In the United States, the remedy is commonly referred to as reformation.

England

In English law, the rule was summarised in Fowler v Fowler (1859) 4 DeG & J 250 at 264:

"Only after the court has been satisfied by evidence which leaves no 'fair and reasonable doubt' that the deed impeached does not embody the final intention of the parties. This evidence must make it clear that the alleged intention to which the plaintiff asks that the deed be made to conform, continued concurrently in the minds of all the parties down to the time of its execution; and the plaintiff must succeed in showing also the precise form in which the instrument will express this intention."

A less-demanding process following the contractual construction principle of misnomer is also available under English law. [1]

Scotland

In Scots Law, unlike English law above, did not traditionally recognise the remedy of rectification. In cases where the parties had made a mistake, they could seek reduction of the contract, or interpretation by the court. [2] This state of the law was generally seen as unsatisfactory. [3]

This led to the introduction of Section 8 of the Law Reform (Miscellaneous Provisions) (Scotland) Act 1985

The general provision for rectification is as follows:

"(1) Subject to section 9 of this Act, where the court is satisfied, on an application made to it, that—
(a) a document intended to express or to give effect to an agreement fails to express accurately the common intention of the parties to the agreement at the date when it was made; or
(b) a document intended to create, transfer, vary or renounce a right, not being a document falling within paragraph (a) above, fails to express accurately the intention of the grantor of the document at the date when it was executed,
it may order the document to be rectified in any manner that it may specify in order to give effect to that intention.
(2) For the purposes of subsection (1) above, the court shall be entitled to have regard to all relevant evidence, whether written or oral." [4]

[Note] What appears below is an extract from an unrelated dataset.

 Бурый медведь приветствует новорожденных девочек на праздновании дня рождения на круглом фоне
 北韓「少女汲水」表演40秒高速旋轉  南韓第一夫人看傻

The wording of the provision logically leads to two scenarios.

  1. The rectification of documents giving effect to a prior bilateral agreement, where there has been a mistake in expression
  2. The rectification of unilateral documents, where the granter has failed to express their intention

Testamentary documents are excluded from this provision under section 8(6). [5]

Effect

Section 8(4) of the act [6] provides that

"(4) Subject to sections 8A and 9(4) of this Act, a document ordered to be rectified under this section shall have effect as if it had always been so rectified." [7]

This provision is thus retroactive, and thus remedies for breach of the rectified term prior to the rectification may be available.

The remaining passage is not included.